Error using compute_single_action

Hello,

I am trying to train a Multi-Agent DQN model, save the checkpoint and then use the model to perform a single action.

   # Custom Environment
    meta_environment = MultiMetaEnv(env,action_sample_n,bonus_reward=True)
    ray.init()
    register_env("meta_environment", lambda config: MultiMetaEnv(config['env'], config['action_sample_n'], config["bonus_reward"]))

    # Define your policies
    def policy_mapping_fn(agent_id, episode, worker, **kwargs):
        if agent_id == "0":
            return "policy0"
        if agent_id == "1":
            return "policy1"
        if agent_id == "2":
            return "policy2"
    # Defining Config
    multi_agent_config = DQNConfig()
    multi_agent_config = multi_agent_config.environment("meta_environment", env_config={'env':env, 'action_sample_n':action_sample_n, 'bonus_reward':False})
    multi_agent_config = multi_agent_config.multi_agent(
                                policies={
                            "policy0": (None, meta_environment.observation_space, meta_environment.action_space, {}),
                            "policy1": (None, meta_environment.observation_space, meta_environment.action_space, {}),
                            "policy2": (None, meta_environment.observation_space, meta_environment.action_space, {}),},
                                policy_mapping_fn=policy_mapping_fn)
    multi_agent_config = multi_agent_config.framework("tf2")

    # Trainable
    algo = multi_agent_config.build()

    for _ in range(1):
        algo.train()

    checkpoint_dir = algo.save()

    print("Checkpoint Directory, ", checkpoint_dir)

    obs = meta_environment.reset()

    print(algo.compute_single_action(obs))

The error is as follows:

Traceback (most recent call last):
  File "C:\Users\pnamala\Desktop\Project_3_6_2\MADDPG\experiments\meta_learn_with_rllib.py", line 710, in <module>
    learn(args)
  File "C:\Users\pnamala\Desktop\Project_3_6_2\MADDPG\experiments\meta_learn_with_rllib.py", line 695, in learn
    print(algo.compute_single_action(obs))
  File "C:\Users\pnamala\Anaconda3\envs\rllib\lib\site-packages\ray\rllib\algorithms\algorithm.py", line 1472, in compute_single_action
    raise KeyError(
KeyError: "PolicyID 'default_policy' not found in PolicyMap of the Trainer's local worker!"
Finished...

How severe does this issue affect your experience of using Ray?

  • High: It blocks me from completing my task.

You need to pass the “policy_id” as an argument to the method “compute single policy”. Or the policy mapping function.
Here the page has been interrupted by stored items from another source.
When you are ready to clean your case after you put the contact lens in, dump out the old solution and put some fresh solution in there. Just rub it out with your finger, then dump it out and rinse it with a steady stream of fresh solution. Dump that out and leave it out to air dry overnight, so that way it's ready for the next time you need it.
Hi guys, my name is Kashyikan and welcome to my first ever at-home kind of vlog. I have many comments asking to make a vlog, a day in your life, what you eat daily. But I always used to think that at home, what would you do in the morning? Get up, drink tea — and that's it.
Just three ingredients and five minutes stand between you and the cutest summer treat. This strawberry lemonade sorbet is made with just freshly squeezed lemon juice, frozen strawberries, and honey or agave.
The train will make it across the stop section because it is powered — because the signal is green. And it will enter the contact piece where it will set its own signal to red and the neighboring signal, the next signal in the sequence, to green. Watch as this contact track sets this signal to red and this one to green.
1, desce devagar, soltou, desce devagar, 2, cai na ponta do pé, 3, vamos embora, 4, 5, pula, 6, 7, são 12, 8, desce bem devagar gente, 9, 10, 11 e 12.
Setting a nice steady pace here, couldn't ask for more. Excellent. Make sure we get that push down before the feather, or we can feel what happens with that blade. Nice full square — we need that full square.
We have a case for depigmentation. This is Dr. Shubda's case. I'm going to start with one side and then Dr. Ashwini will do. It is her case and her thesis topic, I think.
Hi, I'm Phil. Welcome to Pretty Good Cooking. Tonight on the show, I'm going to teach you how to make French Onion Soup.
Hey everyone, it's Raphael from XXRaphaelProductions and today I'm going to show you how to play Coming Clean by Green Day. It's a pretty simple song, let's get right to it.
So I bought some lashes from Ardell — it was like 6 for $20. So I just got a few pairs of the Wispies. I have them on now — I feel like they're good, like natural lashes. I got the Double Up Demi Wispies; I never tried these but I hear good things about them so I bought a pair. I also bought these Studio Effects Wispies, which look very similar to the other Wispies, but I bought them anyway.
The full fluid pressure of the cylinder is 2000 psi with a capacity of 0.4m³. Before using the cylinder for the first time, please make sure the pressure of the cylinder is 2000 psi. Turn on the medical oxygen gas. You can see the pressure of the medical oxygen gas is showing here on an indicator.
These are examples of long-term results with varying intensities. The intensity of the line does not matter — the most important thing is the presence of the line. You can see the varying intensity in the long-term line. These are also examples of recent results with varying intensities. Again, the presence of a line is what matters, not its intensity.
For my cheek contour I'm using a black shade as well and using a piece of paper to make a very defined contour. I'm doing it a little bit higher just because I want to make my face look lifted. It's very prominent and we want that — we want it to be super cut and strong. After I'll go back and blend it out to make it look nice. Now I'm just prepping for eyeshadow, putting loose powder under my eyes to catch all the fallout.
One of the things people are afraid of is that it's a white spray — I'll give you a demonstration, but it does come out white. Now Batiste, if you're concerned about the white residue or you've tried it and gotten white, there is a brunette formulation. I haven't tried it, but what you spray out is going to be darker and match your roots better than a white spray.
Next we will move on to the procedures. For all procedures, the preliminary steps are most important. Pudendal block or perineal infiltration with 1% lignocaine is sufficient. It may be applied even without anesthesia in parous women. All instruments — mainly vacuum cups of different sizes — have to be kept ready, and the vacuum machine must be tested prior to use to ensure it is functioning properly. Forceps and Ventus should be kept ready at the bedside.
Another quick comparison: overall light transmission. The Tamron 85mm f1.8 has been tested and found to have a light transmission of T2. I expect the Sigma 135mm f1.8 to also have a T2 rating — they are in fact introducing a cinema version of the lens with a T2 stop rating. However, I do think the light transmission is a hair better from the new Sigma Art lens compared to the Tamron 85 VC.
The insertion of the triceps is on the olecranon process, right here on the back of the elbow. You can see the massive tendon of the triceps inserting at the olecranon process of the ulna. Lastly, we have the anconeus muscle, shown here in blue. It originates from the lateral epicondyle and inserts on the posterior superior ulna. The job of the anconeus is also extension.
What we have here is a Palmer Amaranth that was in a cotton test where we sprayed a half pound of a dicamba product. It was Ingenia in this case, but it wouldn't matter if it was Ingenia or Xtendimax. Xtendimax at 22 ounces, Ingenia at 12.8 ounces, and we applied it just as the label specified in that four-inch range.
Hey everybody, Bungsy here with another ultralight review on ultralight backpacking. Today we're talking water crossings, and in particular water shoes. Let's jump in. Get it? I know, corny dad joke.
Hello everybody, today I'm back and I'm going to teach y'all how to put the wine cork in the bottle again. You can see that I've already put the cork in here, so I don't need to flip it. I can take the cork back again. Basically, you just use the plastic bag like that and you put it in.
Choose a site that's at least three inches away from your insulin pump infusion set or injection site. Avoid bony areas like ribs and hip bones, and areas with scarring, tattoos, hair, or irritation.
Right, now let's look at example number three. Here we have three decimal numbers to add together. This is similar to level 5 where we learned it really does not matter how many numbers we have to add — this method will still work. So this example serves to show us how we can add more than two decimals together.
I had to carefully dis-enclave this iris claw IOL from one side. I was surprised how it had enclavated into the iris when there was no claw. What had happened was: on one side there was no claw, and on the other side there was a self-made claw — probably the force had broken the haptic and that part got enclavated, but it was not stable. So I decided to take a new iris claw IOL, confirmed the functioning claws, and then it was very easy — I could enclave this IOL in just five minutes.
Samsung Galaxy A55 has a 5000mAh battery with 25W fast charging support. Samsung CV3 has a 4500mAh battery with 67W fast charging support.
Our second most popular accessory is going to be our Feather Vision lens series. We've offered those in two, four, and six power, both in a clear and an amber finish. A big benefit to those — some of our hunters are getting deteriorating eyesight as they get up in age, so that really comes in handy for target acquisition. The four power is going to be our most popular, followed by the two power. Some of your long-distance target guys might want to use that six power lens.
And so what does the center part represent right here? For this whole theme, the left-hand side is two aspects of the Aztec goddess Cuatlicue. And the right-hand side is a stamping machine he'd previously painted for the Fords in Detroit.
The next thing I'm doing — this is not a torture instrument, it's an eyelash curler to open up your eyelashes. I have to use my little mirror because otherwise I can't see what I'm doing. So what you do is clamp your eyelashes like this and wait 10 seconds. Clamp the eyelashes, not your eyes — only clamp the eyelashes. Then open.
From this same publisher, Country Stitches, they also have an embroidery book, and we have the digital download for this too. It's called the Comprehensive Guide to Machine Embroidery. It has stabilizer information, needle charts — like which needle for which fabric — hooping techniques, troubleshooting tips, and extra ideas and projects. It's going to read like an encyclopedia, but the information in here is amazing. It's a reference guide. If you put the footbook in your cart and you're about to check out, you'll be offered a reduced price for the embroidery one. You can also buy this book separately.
Otherwise, it resorts to using the ‘default_policy’ but since it cannot find it, it is throwing you an error.

By the way, I prefer this equivalent method that takes dictionaries as inputs. But the logic is the same, in multi-policy settings, one need to specify the policy.

agent = agent_id
action_dict = algo.compute_actions(obs_dict,policy_id=f"pol{agent}")